═══ Task material

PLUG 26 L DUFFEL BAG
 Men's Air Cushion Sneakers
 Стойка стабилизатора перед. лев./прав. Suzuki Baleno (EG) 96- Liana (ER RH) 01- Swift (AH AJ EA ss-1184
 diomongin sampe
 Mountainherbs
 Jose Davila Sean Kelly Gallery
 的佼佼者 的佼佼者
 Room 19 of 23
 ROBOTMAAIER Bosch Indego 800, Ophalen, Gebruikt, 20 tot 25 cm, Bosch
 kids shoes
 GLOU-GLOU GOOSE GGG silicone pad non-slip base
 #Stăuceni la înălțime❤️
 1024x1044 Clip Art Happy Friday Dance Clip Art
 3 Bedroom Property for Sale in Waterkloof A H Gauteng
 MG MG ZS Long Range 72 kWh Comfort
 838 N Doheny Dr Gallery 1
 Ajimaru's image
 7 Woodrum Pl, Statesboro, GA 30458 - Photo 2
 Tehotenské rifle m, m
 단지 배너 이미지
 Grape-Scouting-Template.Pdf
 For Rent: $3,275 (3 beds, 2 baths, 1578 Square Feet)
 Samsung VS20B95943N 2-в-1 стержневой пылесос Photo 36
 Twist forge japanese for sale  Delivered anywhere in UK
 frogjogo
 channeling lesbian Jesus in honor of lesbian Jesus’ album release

══════

### Problem statement
Everything from the line with "GLOU-GLOU GOOSE GGG" through the last line of the entries is to be written out again, unchanged; nothing else belongs in the answer.

### The answer
 GLOU-GLOU GOOSE GGG silicone pad non-slip base
 #Stăuceni la înălțime❤️
 1024x1044 Clip Art Happy Friday Dance Clip Art
 3 Bedroom Property for Sale in Waterkloof A H Gauteng
 MG MG ZS Long Range 72 kWh Comfort
 838 N Doheny Dr Gallery 1
 Ajimaru's image
 7 Woodrum Pl, Statesboro, GA 30458 - Photo 2
 Tehotenské rifle m, m
 단지 배너 이미지
 Grape-Scouting-Template.Pdf
 For Rent: $3,275 (3 beds, 2 baths, 1578 Square Feet)
 Samsung VS20B95943N 2-в-1 стержневой пылесос Photo 36
 Twist forge japanese for sale  Delivered anywhere in UK
 frogjogo
 channeling lesbian Jesus in honor of lesbian Jesus’ album release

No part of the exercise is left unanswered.